The speaker of this poem pays lip service to the fact that, in the middle of World War I, there might be a greater evil than the English (who had by then agreed to Home Rule), but then quickly undermines that argument with the startling image of the bony thumb. The implication here, in the form of a rhetorical question, is that there is not a logic to outweigh these individual deaths. Trading on the vivid memories of MacDonagh and Pearse (poets who signed the Irish Declaration of Independence), the poem is so thoroughly partisan in its sentiments that it risks losing even readers sympathetic to the Irish cause. "Sixteen Dead Men" is an overtly political poem and, as such, it fails to become universal. "Easter 1916" transcended its own politics through a speaker capable of realizing that "Too long a sacrifice / Can make a stone of the heart."

All poems contain politics. Let me say that again: all poems contain politics. But they must first of all become poems; then they can contain multitudes.
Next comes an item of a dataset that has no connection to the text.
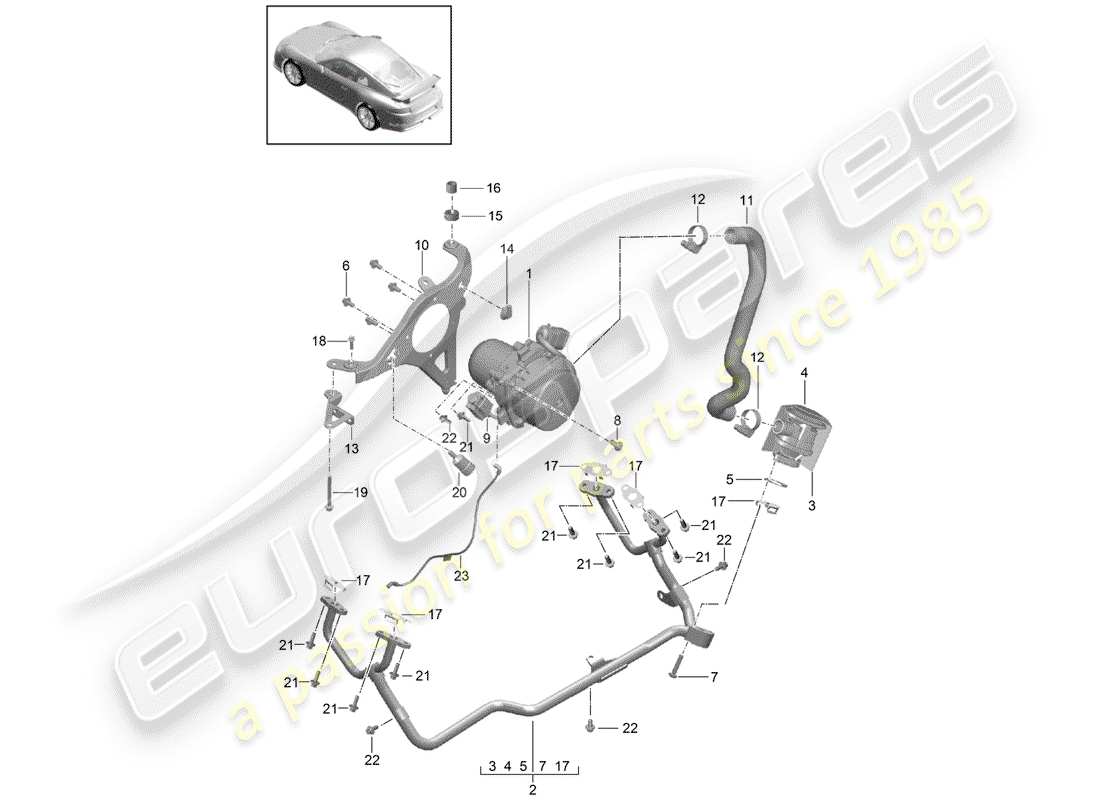 porsche 991r/gt3/rs (2018) secondary air pump part diagram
Political agenda, as such, is not sufficient to make literature.

What do poets know--and mean--when they say what they say? If--as the O. J. Simpson "trial of the Century" showed us--the word cop carries many connotations, what happens when the poet says Grand Teton, Nike Trail Blazer, rhododendron, regret, reprieve, Soweto? Some words, like Hiroshima, carry with them the power of event. Some, like homeland, carry the longing for something lost or distant. Others date the writer (or the reader)--Burma Shave sign, for instance--simply by whether or not they're recognized. For many readers, words like mother, childhood, Sinn Fein, and Watts carry emotional or political baggage while others--patriotism, honor, duty, daily bread--wallow in disuse or overuse.

Of course the poet knows all this, knows it and works within its confines, shaping from language something at once precise and individual and also inclusive enough to gather in the possibilities. The poet plays on the chasm between the public and private context, explores his own inner spaces, allows for (dare I say, even manipulates?) those spaces in the reader. To the extent that the poet's overriding concerns are personal, the poem can expand with each successive reading. Or shrink to nothing. To the extent that those concerns are public, the poet runs the risk of immediate impact followed by rapid obsolescence, but the poem also has the chance of becoming a shaping force. A terrible beauty may burn for all time.